Data items
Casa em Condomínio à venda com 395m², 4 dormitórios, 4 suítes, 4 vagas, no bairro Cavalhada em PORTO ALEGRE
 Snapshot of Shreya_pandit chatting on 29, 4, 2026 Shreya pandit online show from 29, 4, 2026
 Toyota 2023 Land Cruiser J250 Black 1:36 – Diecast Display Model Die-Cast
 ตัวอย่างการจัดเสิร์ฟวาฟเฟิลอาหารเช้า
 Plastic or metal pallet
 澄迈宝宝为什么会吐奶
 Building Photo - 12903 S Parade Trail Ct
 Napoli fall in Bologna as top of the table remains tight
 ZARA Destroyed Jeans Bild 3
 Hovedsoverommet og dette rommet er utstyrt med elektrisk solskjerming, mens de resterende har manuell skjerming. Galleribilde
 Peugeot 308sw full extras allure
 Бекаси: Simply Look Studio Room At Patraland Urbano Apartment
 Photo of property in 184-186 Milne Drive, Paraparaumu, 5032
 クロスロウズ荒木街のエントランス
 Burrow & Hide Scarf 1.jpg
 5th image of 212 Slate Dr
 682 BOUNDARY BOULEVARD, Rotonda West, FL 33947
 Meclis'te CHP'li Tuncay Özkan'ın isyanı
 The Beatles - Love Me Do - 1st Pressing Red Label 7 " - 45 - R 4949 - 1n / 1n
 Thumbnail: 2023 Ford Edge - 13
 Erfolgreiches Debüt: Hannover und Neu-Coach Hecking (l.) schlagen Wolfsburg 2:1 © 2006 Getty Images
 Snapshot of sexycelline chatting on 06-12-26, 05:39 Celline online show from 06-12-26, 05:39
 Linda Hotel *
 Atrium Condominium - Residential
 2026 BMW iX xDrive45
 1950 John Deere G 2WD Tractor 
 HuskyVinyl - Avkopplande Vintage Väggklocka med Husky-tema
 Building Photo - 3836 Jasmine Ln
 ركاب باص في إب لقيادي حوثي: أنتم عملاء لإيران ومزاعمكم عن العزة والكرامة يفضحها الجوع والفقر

*TASK:* Beginning with the line that holds "2026 BMW iX xDrive45", please return every line through the end of the data, exactly as written.

*RESULT FOR THIS TASK:*
 2026 BMW iX xDrive45
 1950 John Deere G 2WD Tractor 
 HuskyVinyl - Avkopplande Vintage Väggklocka med Husky-tema
 Building Photo - 3836 Jasmine Ln
 ركاب باص في إب لقيادي حوثي: أنتم عملاء لإيران ومزاعمكم عن العزة والكرامة يفضحها الجوع والفقر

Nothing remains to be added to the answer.